Because this is the case is it that the later ability to more easily gain addtional monies offset the initial negative investment of the lottery? What would the proportions have to be? Are there any poker situations where the money would be deep enough for this to oocur as well? (This last one I remember debating a while ago but dont remember if there was any consensus or not.)

[soon2bepro]

But often the unit is relevant enough to matter when you add it up. The idea that you will only make this -EV bet once is flawed, because with that philosophy you will keep taking -EV bets at everything, and say to yourself "it's only once".

The only scenario that I can think of where playing the lottery is +EV is when the unit(s) you're betting are truly irrelevant to you, and in fact your whole chance of happiness or financial success depends upon winning the lottery. Say you're homeless and have nothing but one buck in your pocket. If there's no way you can steal/make more money, you're going to die within a few days, or at least be very unhappy and without chance of improvement. In this case you can just play the lottery and see if you're lucky enough. Because you truly have nothing to lose. But if you're making $1500 a week, it may look like $1 is irrelevant, but it's not when compared to the ridiculously low chance of winning the lottery. In other words, if it's ok to bet $1 a week for the lottery in this situation, it'd be ok to bet $20. And to bet $500, etc, etc... But it's not.

A similar, more common example to the homeless guy playing the lottery would be a well established person paying insurance policy for something. It's -EV, but in some cases it's ok to sacrifice EV if that saves you from disaster, or gives you the best chance to end up better, averagely.

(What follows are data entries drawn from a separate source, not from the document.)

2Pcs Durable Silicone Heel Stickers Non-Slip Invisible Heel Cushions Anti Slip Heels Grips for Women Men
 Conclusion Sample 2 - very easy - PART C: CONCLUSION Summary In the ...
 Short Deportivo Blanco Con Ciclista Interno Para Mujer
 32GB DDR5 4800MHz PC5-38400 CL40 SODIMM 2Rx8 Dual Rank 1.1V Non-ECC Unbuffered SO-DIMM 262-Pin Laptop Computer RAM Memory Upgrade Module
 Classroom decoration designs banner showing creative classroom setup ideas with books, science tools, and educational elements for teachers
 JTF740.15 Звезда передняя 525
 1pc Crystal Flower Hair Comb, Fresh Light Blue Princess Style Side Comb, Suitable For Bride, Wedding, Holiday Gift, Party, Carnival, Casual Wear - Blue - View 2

A common poker situation of this is when good players go above their bankroll limitations and think "if i can just get a good swing, i'll be on my track to making much more money"... But what they don't realize is that they're just as likely to have a similar sized bad swing, and in this case they'll be on their way to making much less money, or none at all. If they had stayed within their bankroll limitations they would've went up slowly but steady.

I know a lot of very good players who lost their bankrolls time and again like this, having to start over grinding it at 0.5/1 NL or so...

[Roland32]

In regards to your post also considered is the proportional relationship to the possible gained benefit of winning. What that proportion is however i dont know. I mean would interest alone over say 20 years at 10% offset the intitial loss? What would be the formula to that? something like:
Cost per try(e.v.)+ (additional monies made because of jackpot) = (Jackpot)
Im sure a math person could figure out a formula. The main point is that it is much easier to make money when you have alot of it. What the proportion is, I don't know. But There is a point at which if the additional benefits were great enough it would offset the -ev of the initial investment.

I think the cumalative effect is important and is tied into the proportion of the most desired result. I think there is a world of difference between $1 bet and a $200 bet and 200 $1 bets over 2+ years and 1 $200 bet.
The other side has to do with the initial investment itself. If one can "afford" the loss and the benefit would give rise to additional benefits thaat are not monetary added it would make it possibly a +ev situation. But if the cost reaches a certain point per try the additional benefits would no longer apply, even though the proportion would be the same. I intuitively feel this is correct but I cant prove it, or dont know how.

Edit: After thinking I think it would be because as the cost per try goes up additional negative costs are now added in. I.E. cant afford to take woman out becuase you spent your cash on the lotto would now proportionally offset the additional benefits gained outside of the jackpot itself.